The Sigma 135mm F1.8 DG HSM Art lens is designed primarily for portrait shooters, with a focal length that creates the bit of compression that’s desirable when photographing faces. The lens is comprised of 13 elements in 10 groups, with both SLD and FLD glass, and has a nine-blade aperture for smooth background defocus.
The lens is noticeably beefy, not unusual at the telephoto range, and not unpleasant, either, just noticeable—as if the lens were built to withstand the abuse of professional life. With a dust- and water-resistant outer coating, the lens can be used in inclement weather without much concern. (I wouldn’t shoot in a downpour with it, though.)

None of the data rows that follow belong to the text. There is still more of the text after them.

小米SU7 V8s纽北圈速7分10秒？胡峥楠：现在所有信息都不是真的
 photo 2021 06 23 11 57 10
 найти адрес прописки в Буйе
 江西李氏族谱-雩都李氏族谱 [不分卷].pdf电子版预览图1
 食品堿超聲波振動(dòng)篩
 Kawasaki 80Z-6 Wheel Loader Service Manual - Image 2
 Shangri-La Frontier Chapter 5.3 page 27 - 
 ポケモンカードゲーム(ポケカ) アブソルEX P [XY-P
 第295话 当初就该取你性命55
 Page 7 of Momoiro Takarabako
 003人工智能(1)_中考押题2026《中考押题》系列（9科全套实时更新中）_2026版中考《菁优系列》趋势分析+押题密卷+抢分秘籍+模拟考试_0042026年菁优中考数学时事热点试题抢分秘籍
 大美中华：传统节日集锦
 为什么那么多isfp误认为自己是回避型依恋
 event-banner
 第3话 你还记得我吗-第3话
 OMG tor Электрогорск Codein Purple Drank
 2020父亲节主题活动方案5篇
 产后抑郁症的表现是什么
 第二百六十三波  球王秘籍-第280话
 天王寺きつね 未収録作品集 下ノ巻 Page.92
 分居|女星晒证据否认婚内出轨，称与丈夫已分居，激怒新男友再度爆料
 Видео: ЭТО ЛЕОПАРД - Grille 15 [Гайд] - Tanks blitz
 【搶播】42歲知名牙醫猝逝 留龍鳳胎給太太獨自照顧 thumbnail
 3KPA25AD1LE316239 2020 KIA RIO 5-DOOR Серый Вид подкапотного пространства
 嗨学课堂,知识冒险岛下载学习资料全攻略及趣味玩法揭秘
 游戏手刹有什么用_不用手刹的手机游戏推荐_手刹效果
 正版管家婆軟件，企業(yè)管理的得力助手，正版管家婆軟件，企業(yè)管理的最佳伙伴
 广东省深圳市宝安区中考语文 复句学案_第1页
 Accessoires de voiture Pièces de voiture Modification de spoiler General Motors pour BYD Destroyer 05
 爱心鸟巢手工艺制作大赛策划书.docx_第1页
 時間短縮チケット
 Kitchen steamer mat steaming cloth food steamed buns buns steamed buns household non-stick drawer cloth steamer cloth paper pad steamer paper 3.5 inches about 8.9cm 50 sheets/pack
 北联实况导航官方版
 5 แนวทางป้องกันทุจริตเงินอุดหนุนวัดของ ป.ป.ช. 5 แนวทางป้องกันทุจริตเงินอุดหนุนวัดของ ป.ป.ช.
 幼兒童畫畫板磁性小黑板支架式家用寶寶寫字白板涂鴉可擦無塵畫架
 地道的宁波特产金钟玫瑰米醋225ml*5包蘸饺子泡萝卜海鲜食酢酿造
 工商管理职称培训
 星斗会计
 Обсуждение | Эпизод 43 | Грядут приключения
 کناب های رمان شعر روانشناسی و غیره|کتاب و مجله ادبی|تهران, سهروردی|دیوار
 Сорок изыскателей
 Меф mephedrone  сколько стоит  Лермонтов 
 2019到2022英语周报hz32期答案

I coupled the camera with both the Canon EOS 5D Mark IV and the new Sony a7R III, via the Sigma MC-11 adapter. In both cases, the lens was incredibly quick to focus (thanks to the hypersonic motor, the “HSM” part of the name) and incredibly quiet (also thanks to that motor). The lens provided accurate focus on the Canon EOS 5D Mark IV, too, as fast as any native lens.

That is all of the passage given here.